Title: Analysis, Design, and Implementation of Beamforming in Wireless Sensor Networks

Speaker: Prof. Kung Yao

Distinguished Professor, Electrical Engineering Department University of California Los Angeles (UCLA)

Time: April. 03, 2007, 10:30AM

Place: 1-315, FIT Building

Organizer: Research Institute of Information Technology (RIIT), Tsinghua University

Kung Yao received the B.S.E. (Highest Honors), M.A. and Ph.D. degrees in electrical engineering all from Princeton University, Princeton, N.J. Presently, he is a Distinguished Professor in the Electrical Engineering Department at UCLA. In 1985-1988, he served as an Assistant Dean of the School of Engineering and Applied Science at UCLA. His research interests include sensor array system, digital communication theory, wireless radio system, digital and array processing, systolic and VLSI algorithms. He has published over 250 journal and conference papers. Dr. Yao received the IEEE Signal Processing Society's 1993 Senior Award in VLSI Signal Processing. He was the co-editor of a two volume series of an IEEE Reprint Book on "High Performance VLSI Signal Processing," IEEE Press, 1997. He has served as Associate Editors for IEEE Transactions on Information Theory, IEEE Transactions on Signal Processing, IEEE Transactions on Circuits and Systems, IEEE Communications Letters, and guest editors of numerous Special Issues. He is a Life Fellow of IEEE.

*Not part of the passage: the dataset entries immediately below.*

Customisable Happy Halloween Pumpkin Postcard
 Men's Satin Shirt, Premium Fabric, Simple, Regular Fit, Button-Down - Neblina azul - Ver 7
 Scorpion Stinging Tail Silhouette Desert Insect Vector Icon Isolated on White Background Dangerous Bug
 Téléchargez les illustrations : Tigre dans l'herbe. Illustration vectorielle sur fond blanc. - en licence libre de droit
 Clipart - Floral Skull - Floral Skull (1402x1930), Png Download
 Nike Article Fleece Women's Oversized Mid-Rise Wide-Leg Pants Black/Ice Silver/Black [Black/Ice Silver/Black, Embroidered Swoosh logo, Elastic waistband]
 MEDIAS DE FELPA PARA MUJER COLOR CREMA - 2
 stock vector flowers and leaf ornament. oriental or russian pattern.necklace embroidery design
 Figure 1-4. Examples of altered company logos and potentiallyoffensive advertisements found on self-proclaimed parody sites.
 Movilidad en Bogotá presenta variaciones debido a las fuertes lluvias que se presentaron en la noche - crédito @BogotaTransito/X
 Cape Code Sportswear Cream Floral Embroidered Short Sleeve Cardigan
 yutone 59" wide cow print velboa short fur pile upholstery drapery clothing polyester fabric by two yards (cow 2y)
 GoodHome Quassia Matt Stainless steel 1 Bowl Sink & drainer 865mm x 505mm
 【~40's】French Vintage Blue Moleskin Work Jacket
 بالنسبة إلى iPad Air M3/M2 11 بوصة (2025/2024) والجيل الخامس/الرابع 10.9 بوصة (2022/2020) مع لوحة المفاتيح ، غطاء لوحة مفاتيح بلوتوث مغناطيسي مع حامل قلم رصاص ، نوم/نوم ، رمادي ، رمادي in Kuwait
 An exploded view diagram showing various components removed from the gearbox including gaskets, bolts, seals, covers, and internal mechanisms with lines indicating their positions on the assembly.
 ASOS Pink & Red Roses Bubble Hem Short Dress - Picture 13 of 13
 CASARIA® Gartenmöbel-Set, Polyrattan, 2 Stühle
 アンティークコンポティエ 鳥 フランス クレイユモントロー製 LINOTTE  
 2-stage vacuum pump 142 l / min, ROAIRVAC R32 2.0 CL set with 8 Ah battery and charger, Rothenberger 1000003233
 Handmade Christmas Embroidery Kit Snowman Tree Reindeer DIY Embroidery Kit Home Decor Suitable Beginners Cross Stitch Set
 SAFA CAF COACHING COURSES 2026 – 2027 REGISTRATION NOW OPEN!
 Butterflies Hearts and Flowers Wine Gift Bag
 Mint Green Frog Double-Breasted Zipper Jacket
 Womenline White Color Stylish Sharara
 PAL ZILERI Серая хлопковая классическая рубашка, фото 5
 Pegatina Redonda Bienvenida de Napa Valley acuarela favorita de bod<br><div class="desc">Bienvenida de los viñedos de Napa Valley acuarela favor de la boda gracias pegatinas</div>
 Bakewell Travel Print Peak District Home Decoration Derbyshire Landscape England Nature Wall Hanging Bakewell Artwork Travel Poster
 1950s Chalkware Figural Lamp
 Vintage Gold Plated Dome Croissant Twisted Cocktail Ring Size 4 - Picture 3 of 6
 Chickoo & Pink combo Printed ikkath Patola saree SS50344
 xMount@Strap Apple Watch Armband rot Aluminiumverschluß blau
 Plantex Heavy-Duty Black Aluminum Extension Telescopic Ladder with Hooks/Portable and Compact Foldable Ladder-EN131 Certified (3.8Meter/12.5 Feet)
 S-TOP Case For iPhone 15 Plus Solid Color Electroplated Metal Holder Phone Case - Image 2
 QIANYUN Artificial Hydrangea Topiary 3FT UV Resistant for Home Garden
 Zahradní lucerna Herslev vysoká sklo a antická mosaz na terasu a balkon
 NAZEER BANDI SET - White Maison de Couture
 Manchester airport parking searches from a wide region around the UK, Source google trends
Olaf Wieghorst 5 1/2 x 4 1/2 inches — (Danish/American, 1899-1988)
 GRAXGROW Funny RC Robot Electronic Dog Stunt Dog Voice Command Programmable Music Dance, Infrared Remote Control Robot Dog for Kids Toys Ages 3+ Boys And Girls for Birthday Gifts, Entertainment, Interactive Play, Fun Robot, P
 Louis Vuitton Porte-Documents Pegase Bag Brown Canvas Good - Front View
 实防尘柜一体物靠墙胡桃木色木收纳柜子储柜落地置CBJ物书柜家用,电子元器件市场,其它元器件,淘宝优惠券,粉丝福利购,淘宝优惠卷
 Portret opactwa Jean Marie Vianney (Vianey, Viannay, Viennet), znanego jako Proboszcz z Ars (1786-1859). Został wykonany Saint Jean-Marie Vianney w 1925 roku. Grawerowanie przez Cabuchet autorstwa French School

In this overview talk, we will review three different classes of acoustical beamforming in sensor networks. The first array used four uniformly-spaced hearing aid microphones to perform a steerable array based on the maximum-energy criterion. A system implemented with a DSP processor board collected various experimental data in an anechoic chamber and a regular room for hearing aid applications. The second array used randomly distributed microphones to perform wideband beamforming based on a maximum eigenvector array for vehicle detection, localization, and signal enhancement. The third array was based on the Approximate Maximum-Likelihood criterion to estimate single or multiple acoustic sources for near-field localization and far-field direction-of-arrival estimations. This array was capable of various beamforming and nulling operations. Several wired and wireless experimental arrays have been implemented for various applications.